We highly recommend you use the latest Java JVM for the best performance. We
test internally using the Sun JVM, so some of these tunings won't apply to JDKs
from other providers (e.g. IBM or JRockit)

- Garbage collection. For smooth server operation we recommend using a parallel
  garbage collection algorithm, e.g. using the JVM argument
  `-XX:+UseParallelOldGC` on Sun JDKs.

- Memory settings. Give as much memory as you can to the server.  Apache
  ActiveMQ Artemis can run in low memory by using paging (described in
  [Paging](paging.md)) but if it can run with all queues in RAM this will improve
  performance.  The amount of memory you require will depend on the size and
  number of your queues and the size and number of your messages. Use the JVM
  arguments `-Xms` and `-Xmx` to set server available RAM. We recommend setting
  them to the same high value.
  
  When under periods of high load, it is likely that Artemis will be generating
  and destroying lots of objects. This can result in a build up of stale objects.
  To reduce the chance of running out of memory and causing a full GC (which may
  introduce pauses and unintentional behaviour), it is recommended that the max
  heap size (`-Xmx`) for the JVM is set at least to 5 x the `global-max-size` of
  the broker.  As an example, in a situation where the broker is under high load
  and running with a `global-max-size` of 1GB, it is recommended the max heap
  size is set to 5GB.

## Avoiding Anti-Patterns

- Re-use connections / sessions / consumers / producers. Probably the most
  common messaging anti-pattern we see is users who create a new
  connection/session/producer for every message they send or every message they
  consume. This is a poor use of resources. These objects take time to create and
  may involve several network round trips.  Always re-use them.

  > **Note:**
  >
  > Spring's `JmsTemplate` is known to use this anti-pattern. It can only
  > safely be used with a connection pool (e.g. in a Java EE application server
  > using JCA), and even then it should only be used for sending messages. It
  > cannot be safely be used for synchronously consuming messages, even with
  > a connection pool. If you need a connection pool take a look at 
  > [this](https://github.com/messaginghub/pooled-jms) which was forked from the
  > ActiveMQ code-base into its own project with full support for JMS 2.
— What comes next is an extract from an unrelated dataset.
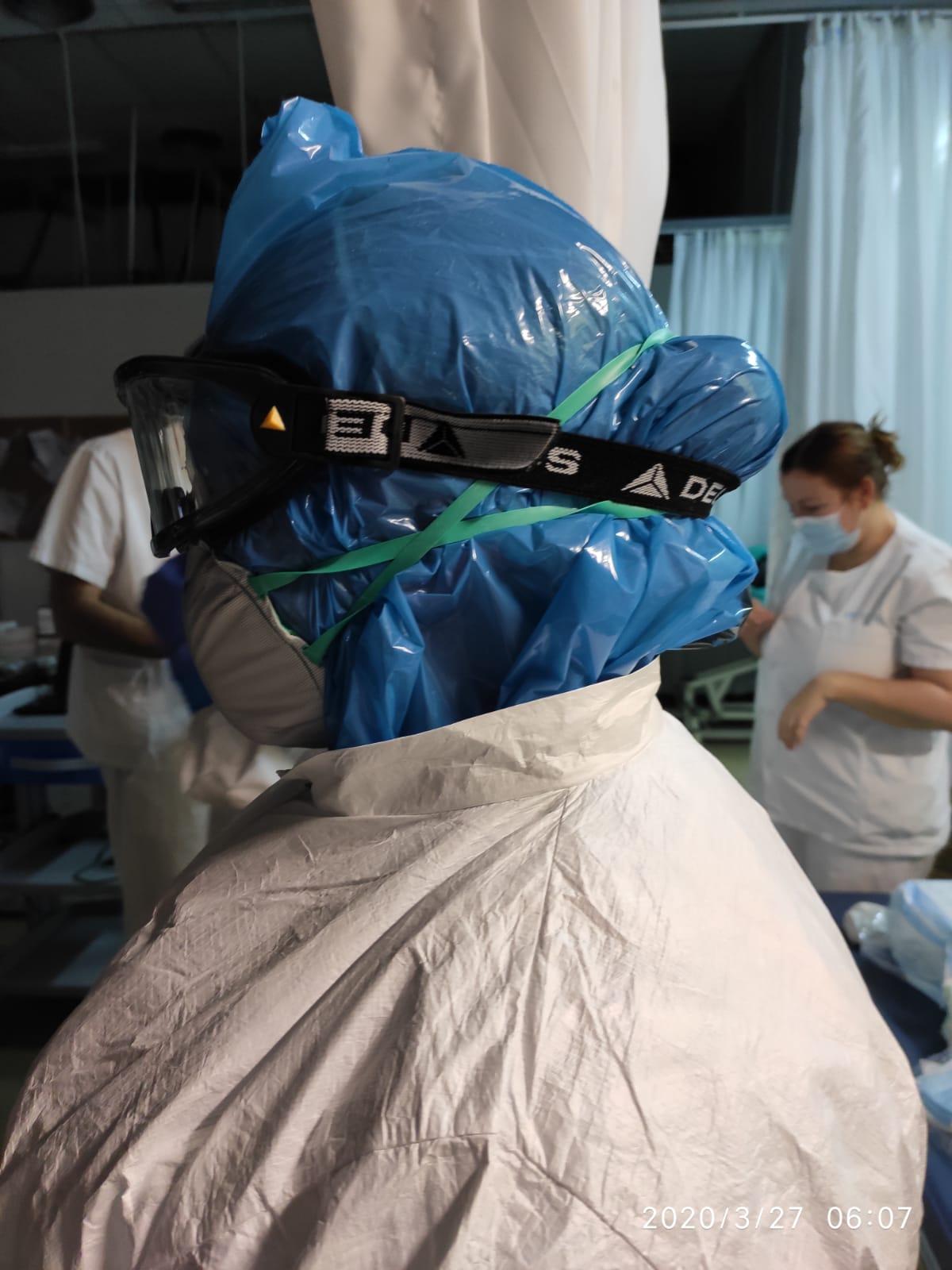 Bolsas de plástico usadas como protección para la cabeza por falta de material, en el Hospital La Paz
- Avoid fat messages. Verbose formats such as XML take up a lot of space on the
  wire and performance will suffer as result. Avoid XML in message bodies if
  you can.

- Don't create temporary queues for each request. This common anti-pattern
  involves the temporary queue request-response pattern.  With the temporary
  queue request-response pattern a message is sent to a target and a reply-to
  header is set with the address of a local temporary queue. When the recipient
  receives the message they process it then send back a response to the address
  specified in the reply-to. A common mistake made with this pattern is to create
  a new temporary queue on each message sent. This will drastically reduce
  performance. Instead the temporary queue should be re-used for many requests.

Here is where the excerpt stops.